I'm a 20 year old university student struggling to cope with the constant pain and irritation of my eczema. 

I get it all over my arms, armpits, neck, chest, the back of my legs and my wrists. Its scabby, sore and irresistible to scratch at. I have on too many occasions scratched it until i bleed but i really cant help it. I have had severe eczema all my life but in the past two years, it has really started to get me down. I have applied prescribed steroid creams, Hydrocortisone, E45, Doublebase.. showered and bathed in prescribed shower and bath gels and swallowed countless anti-histamine tablets in the hope of them taking away the itch and the urge to scratch.
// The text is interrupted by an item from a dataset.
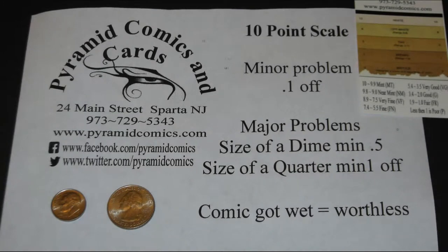How to grade your comics. We're going to look at modern comics — for today we'll consider a modern comic any comic with glossy pages. We will not be looking at newsprint comics or comics printed on newsprint paper.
I'm writing this as i am so fed up, just like the millions of others suffering from eczema out there, and hope that one of you out there can help me, or atleast give me some tips to reduce the irritation.

Currently i am applying Aveeno Skin Relief Moisturising Lotion after i shower. It does reduce the itch and calm my skin, but the redness and dryness returns when the cream is absorbed or whenever i start to sweat. I can't partake in exercise or sporting activities as i am scared, actual fear, of how itchy and sore my whole body becomes.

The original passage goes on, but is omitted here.